What was not mentioned in the announcement is that it will of course mean that the franchise winner will not be able to make tens of millions of pounds in compensation for what is known as Schedule 4 and 8 in Track Access Agreements from service disruption due to engineering work joining up the two lines and other upgrades. During the long WCML upgrade, Virgin collected well over £100million contractual compensation for delays and cancellations.
Transport minister Andrew Jones said: We are embarking on a new chapter in our modernisation of the railways and we need world-class expertise to deliver it. HS2 will be the backbone of Britain’s railways, creating more seats for passengers on the West Coast and increasing capacity on the rest of the network.
By combining the franchise we are ensuring we get the right people on board at an early stage to design and manage the running of both services in the transition stage. HS2 will reduce crowding on the existing network and is due to open in 2026 with trains running at high speed between London, Old Oak Common and Birmingham and northwards via existing lines.
Chairman of HS2 Ltd Sir David Higgins said: This is a real opportunity to ensure HS2 services complement and enhance existing ones. I have always been clear HS2 will not be a standalone railway but fully integrated with the wider network. It will provide a new backbone for our railways and bringing on board a new partner to work with HS2 Ltd now will help ensure we are working towards the same goal.
The franchise will work collaboratively with the HS2 construction project to develop the best solution for passengers now and in the future and build on the existing West Coast franchise to deliver a service which puts the needs of passengers first.
This sensible approach means the winning bidder will collaborate with HS2 Ltd to design, launch and operate the initial HS2 services as well as deliver the transition of the timetable on the West Coast Main Line as it is revised to merge with HS2 services at places like Litchfield and Crewe.

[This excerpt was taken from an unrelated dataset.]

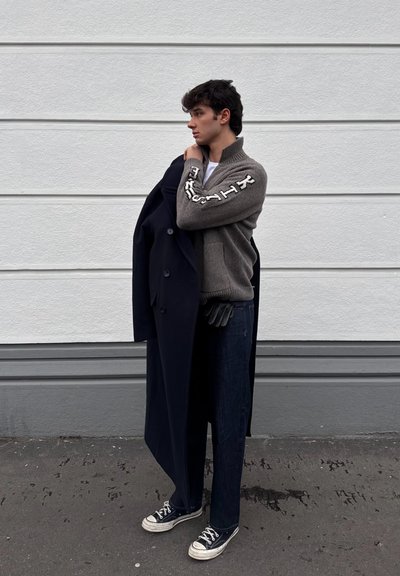 Joven con suéter gris y vaqueros oscuros que sostiene un abrigo largo y oscuro sobre un hombro, de pie frente a una pared blanca con paneles.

They will also work closely with local transport authorities, Transport Scotland and the Welsh government.
The formal expression of interest for the WCP will be published next month, the invitation to tender within 12 months with the new franchise scheduled to start 1 April 2019.
The delivery of the West Coast Partnership will require a new short term contract of approximately 12 months for the continued operation of services on the West Coast Mainline, following the end of the current franchise in 2018.
Virgin as ever have spun the announcement by saying that in partnership with Stagecoach, have almost tripled passenger numbers in 20 years “thanks to a relentless focus on customer service and satisfaction.” But of course it was the 125mph WCML upgrade that has also brought higher passenger numbers and Virgin received £300 million taxpayers’ compensation during the upgrade when it was decided not to increase the speed to 140mph.
Patrick McCall, co-chairman of Virgin Trains, said: There are clearly huge advantages in having continuity of service during HS2’s critical enabling works – both up to the start of the new franchise in 2019 and beyond.
The Rail Freight Group’s Maggie Simpson, executive director said; ‘This is a pragmatic move by Government for developing high speed passenger services, but makes no reference to how the needs of other network users will be included. With 95% of today’s intermodal services using the West Coast at some point, and strong prospects of future growth in many markets it is imperative that capacity for freight is fully included in network planning.
Government needs to clarify how it expects the Partnership to work with freight operators and their customers in building a shared future on this vital artery.’